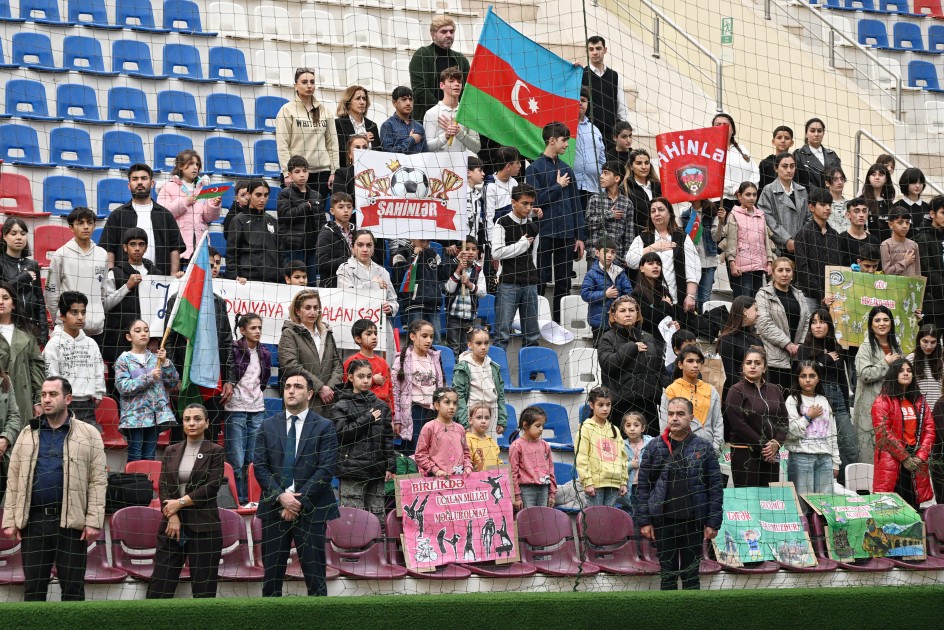 Prezidentin qızları və gəlini minifutbol turnirini izlədi - FOTOLAR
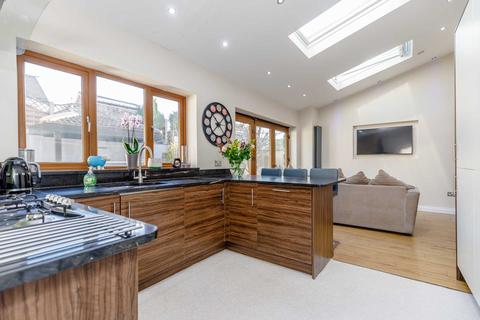 16 Harthill, Gildersome, Leeds, LS27 7EU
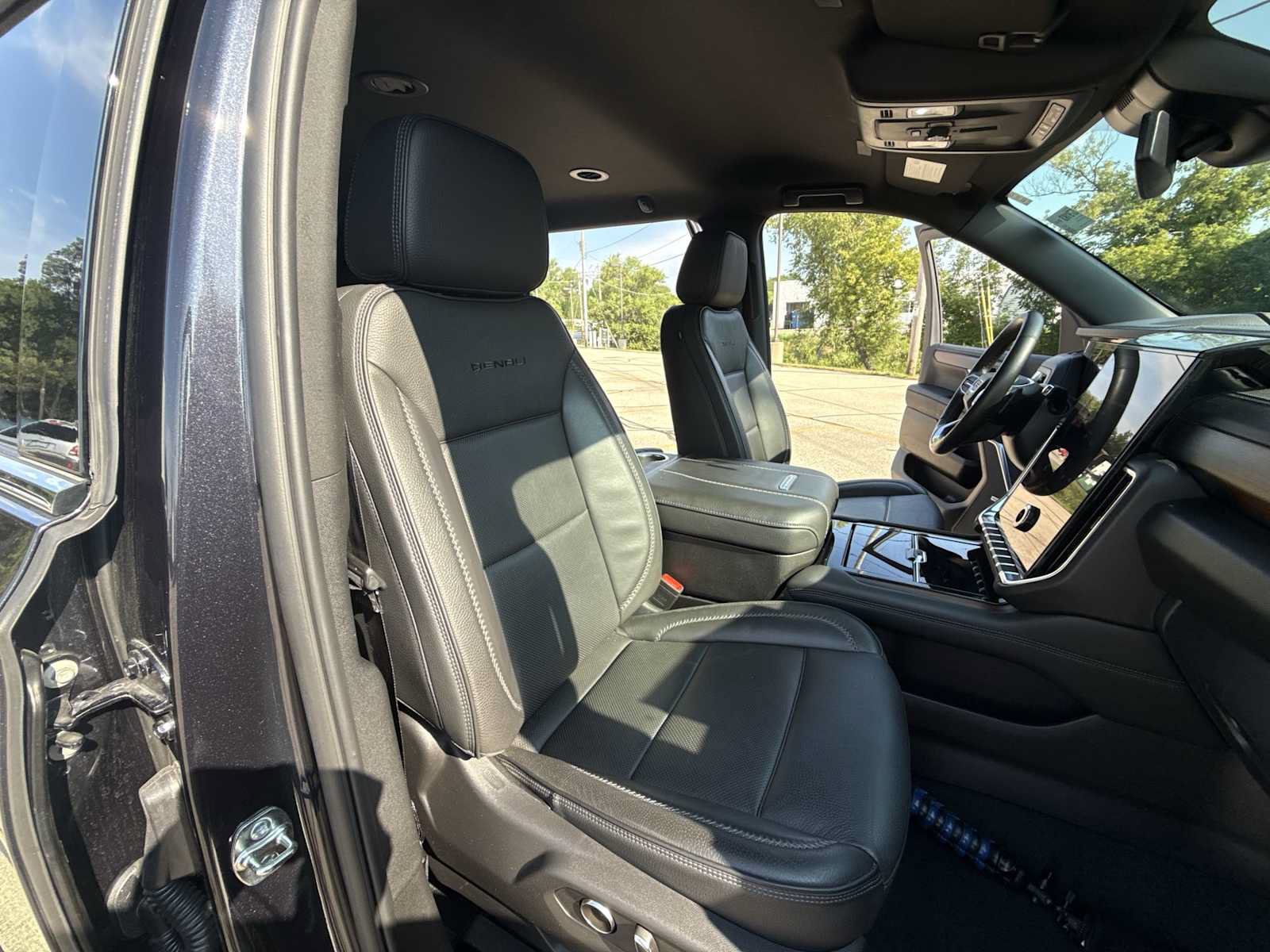 Certified 2025 GMC Yukon Denali AWD/4WD image 27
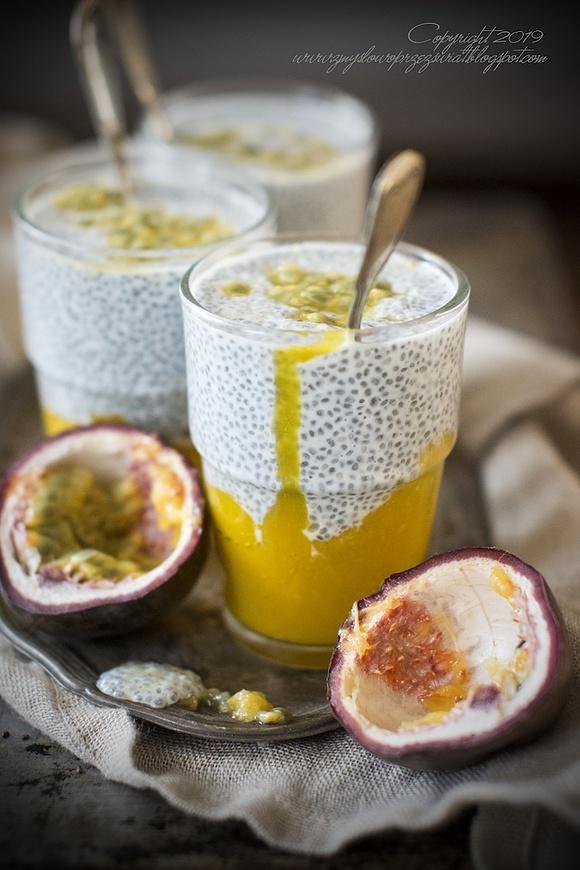 Chia pudding na mleku roślinnym z owocami tropikalnymi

Exercise brief:
Produce the full material again verbatim, with the pictures dropped.

The answer:
 Prezidentin qızları və gəlini minifutbol turnirini izlədi - FOTOLAR
 16 Harthill, Gildersome, Leeds, LS27 7EU
 Certified 2025 GMC Yukon Denali AWD/4WD image 27
 Chia pudding na mleku roślinnym z owocami tropikalnymi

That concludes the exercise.